Selon une idée fort répandue, De Gaulle serait "le père" de la sécurité sociale en France. Si le Général a effectivement promulgué les textes instaurant le dispositif actuel de sécurité sociale, ce dernier trouve ses racines juridiques dans les premières années de la Révolution française.


Des secours publics à la charité individuelle

 

Les pouvoirs publics n'ont pas attendu le milieur du 20ème siècle pour intervenir en matière sociale. A la fin du 18ème siècle, les révolutionnaires français, motivés par des considérations d'ordre politique et philosophique, posèrent les jalons de la législation sociale en France. En 1794, la Convention nationale adoptait un décret (décret du 22 floréal an II) prévoyant la création d'un "Livre de la bienfaisance nationale", lequel permettait aux citoyens dont le nom y était transcrit de bénéficier d'un secours. Ce dispositif, instauré sous l'impulsion de Barère, qui avait affirmé que "dans une démocratie, tout doit tendre à élever chaque citoyen au-dessus du premier besoin, par le travail s'il est valide, par l'éducation s'il est enfant, et par les secours s'il est invalide ou dans la vieillesse", allait rapidement décevoir les attentes qu'il avait suscitées.

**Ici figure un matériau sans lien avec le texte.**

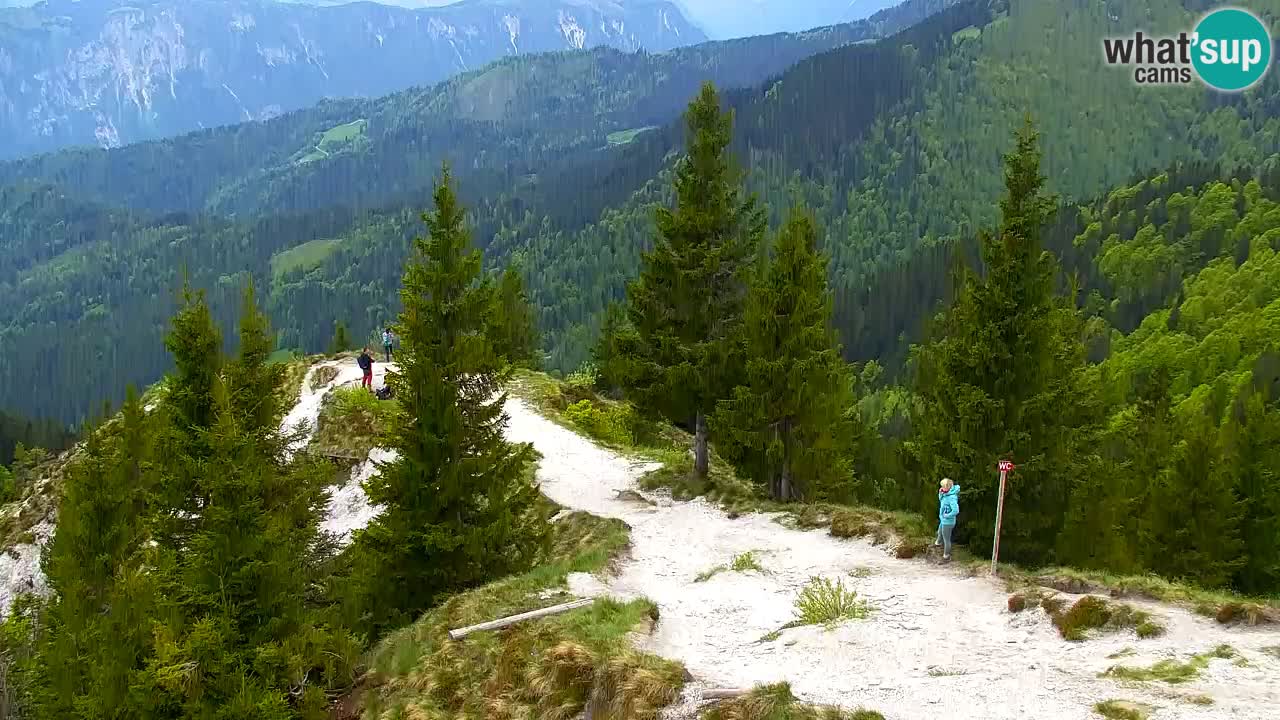 Koča na Golici Webcam (1582 m) – Slowenien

Accaparés par les difficultés politiques, économiques et diplomatiques, les premiers républicains ne disposaient pas des moyens nécessaires à la concrétisation de leurs ambitions en matière de progrès social. Cependant, d’un point de vue théorique, la période est maquée par une rupture considérable : pour la première fois, le constituant met à la charge de la collectivité une obligation envers les personnes qui se trouvent dans le besoins. En effet, l’article 21 de la Constitution du 24 juin 1793 prévoyait que « les secours publics sont une dette sacrée. La société doit la subsistance aux citoyens malheureux, soit en leur procurant du travail, soit en assurant les moyens d’exister à ceux qui sont hors d’état de travailler ». L’idée de sécurité sociale est ici sous-jacente puisqu’il s’agit de fournir à la personne qui se trouve dans l’impossibilité de vivre de son travail, une indemnisation. La Constitution du 22 août 1795 revient largement sur ce principe et se contente de renvoyer à la charité de tous suivant la maxime consacrée par l'article 2 de ses Devoirs : « Faites constamment aux autres le bien que vous voudriez en recevoir ».

 

Du libéralisme aux assurances sociales

 

Le 19ème siècle sera marqué par une faible intervention de l’Etat dans la sphère sociale, à l’exception notable mais éphémère de la Seconde République dont la Constitution (Constitution du 4 novembre 1848)   proclamait que la nation « doit, par une assistance fraternelle, assurer l’existence des citoyens nécessiteux, soit en leur procurant du travail dans les limites de ses ressources, soit en donnant, à défaut de la famille, des secours à ceux qui sont hors d’état de travailler » (article VIII du Préambule). Malgré cette parenthèse, le libéralisme prône une abstention des pouvoirs publics en matière sociale. Adolphe Thiers ira même jusqu’à affirmer que « reconnaître aux pauvres un droit à l’aumône c’est les autoriser à exiger l’aumône par la force ; c’est anéantir le droit de propriété et marcher à la communauté des biens ».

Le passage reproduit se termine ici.